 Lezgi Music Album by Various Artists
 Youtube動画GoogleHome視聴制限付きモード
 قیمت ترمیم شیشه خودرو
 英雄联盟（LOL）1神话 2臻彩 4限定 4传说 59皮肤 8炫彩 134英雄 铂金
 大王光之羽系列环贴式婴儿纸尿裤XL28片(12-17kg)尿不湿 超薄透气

--

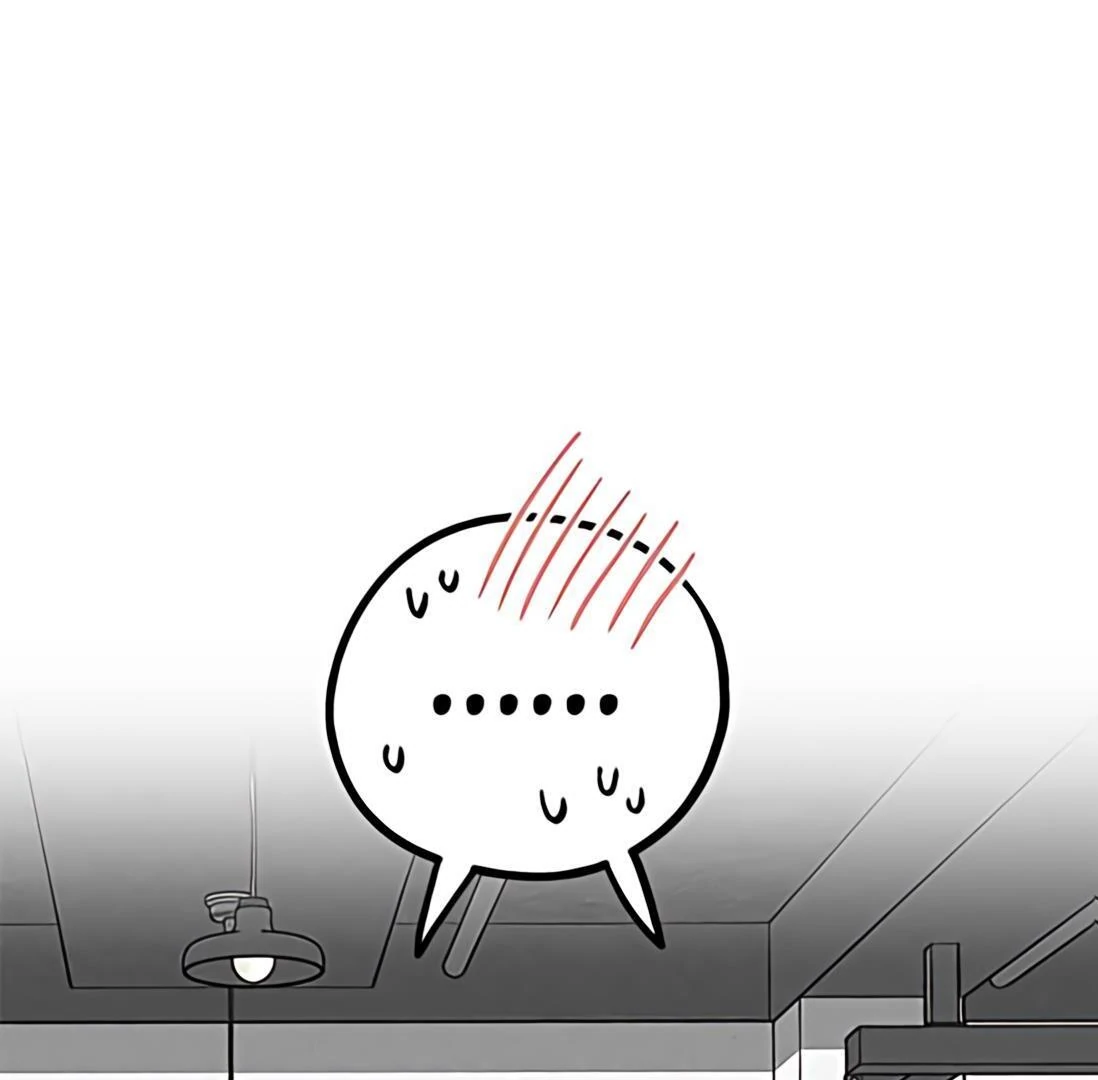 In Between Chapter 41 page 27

■ TASK GOAL: Using the listing above, return word for word each line from the one that has "Lezgi Music Album by Various Artists" through the one that has "大王光之羽系列环贴式婴儿纸尿裤XL28片(12-17kg)尿不湿 超薄透气", and no line outside that range.

■ ANSWER TO THE PROBLEM:
 Lezgi Music Album by Various Artists
 Youtube動画GoogleHome視聴制限付きモード
 قیمت ترمیم شیشه خودرو
 英雄联盟（LOL）1神话 2臻彩 4限定 4传说 59皮肤 8炫彩 134英雄 铂金
 大王光之羽系列环贴式婴儿纸尿裤XL28片(12-17kg)尿不湿 超薄透气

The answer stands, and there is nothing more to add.